Polytetrahydrofuran-based polyols sold under the trade name Terathane®, including Terathane® 650, available from Invista, may be used. In addition, polyols based on dimer diols sold under the trade names Pripol® and Empol®, available from Cognis Corporation, or bio-based polyols, such as the tetrafunctional polyol Agrol 4.0, available from BioBased Technologies, may also be utilized.
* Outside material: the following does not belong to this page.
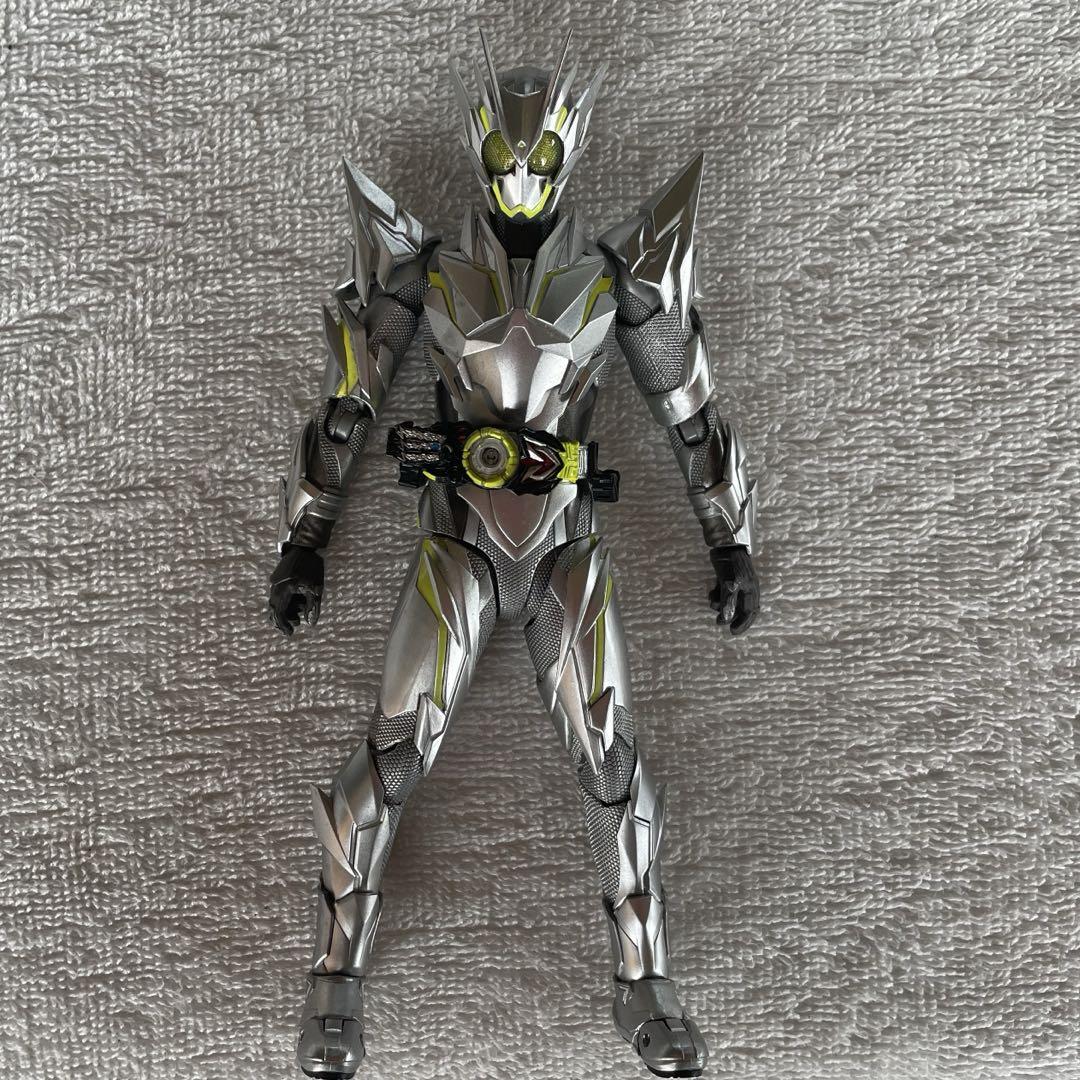 S.H.Figuarts 仮面ライダービルドラビットドラゴン　メタルクラスタ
Useful anhydride compounds to functionalize the polyol with acid groups include hexahydrophthalic anhydride and its derivatives (e.g. methyl hexahydrophthalic anhydride); phthalic anhydride and its derivatives (e.g. methyl phthalic anhydride); maleic anhydride; succinic anhydride; trimelletic anhydride; pyromelletic dianyhydrige (PMDA); 3,3′, 4,4′-oxydiphthalic dianhydride (ODPA); 3,3′, 4,4′-benzopherone tetracarboxylic dianhydride (BTDA); and 4,4′-diphthalic (hexamfluoroisopropylidene) anhydride (6FDA). Useful diacid compounds to functionalize the polyol with acid groups include phthalic acid and its derivates (e.g. methyl phthalic acid), hexahydrophthalic acid and its derivatives (e.g. methyl hexahydrophthalic acid), maleic acid, succinic acid, adipic acid, etc. Any diacid and anhydride can be used; however, anhydrides are preferred.
In one embodiment, the polyol comprises a diol, the anhydride comprises a monoanhydride, and the first epoxy compound comprises a diepoxy compound, wherein the mole ratio of diol, monoanhydride, and diepoxy compounds in the epoxy-adduct may vary from 0.5:0.8:1.0 to 0.5:1.0:6.
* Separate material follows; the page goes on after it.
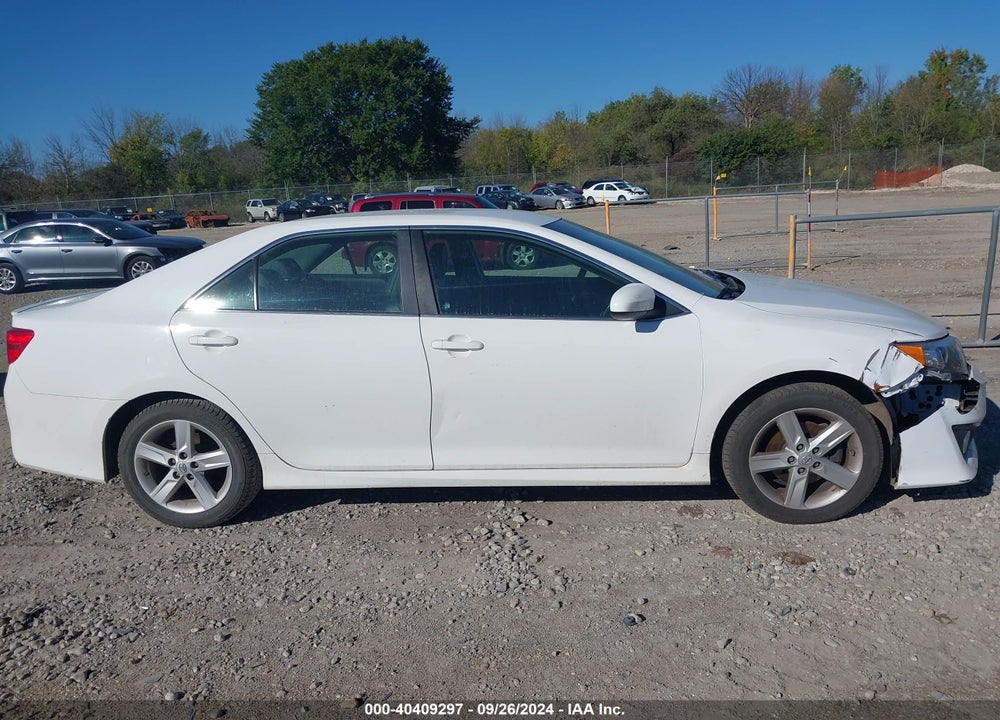 2014 TOYOTA CAMRY SE VIN: 4T1BF1FK3EU461954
In another embodiment, the polyol comprises a diol, the anhydride comprises a monoanhydride, and the first epoxy compound comprises a diepoxy compound, wherein the mole ratio of diol, monoanhydride, and diepoxy compounds in the epoxy-adduct may vary from 0.5:0.8:0.6 to 0.5:1.0:6.0.
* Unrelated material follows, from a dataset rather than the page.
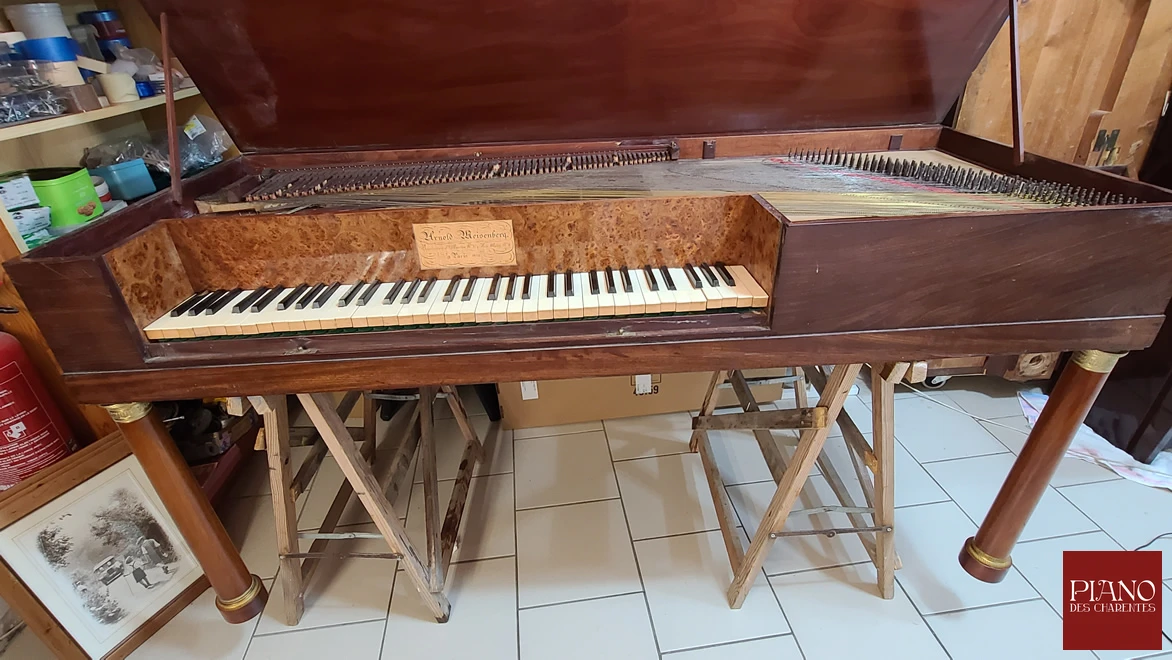 Piano Forte carré MEISENBERG 1819 acajou et loupe d'orme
In another embodiment, the second epoxy compound of the first component is a diepoxide compound that has an epoxy equivalent weight of between about 150 and about 1000. Suitable diepoxides having an epoxy equivalent weight of between about 150 and about 1000 include polyglycidyl ethers of Bisphenol A, such as EPON® 828 and 1001 epoxy resins, and Bisphenol F diepoxides, such as EPON® 862, which are commercially available from Hexion Specialty Chemicals, Inc.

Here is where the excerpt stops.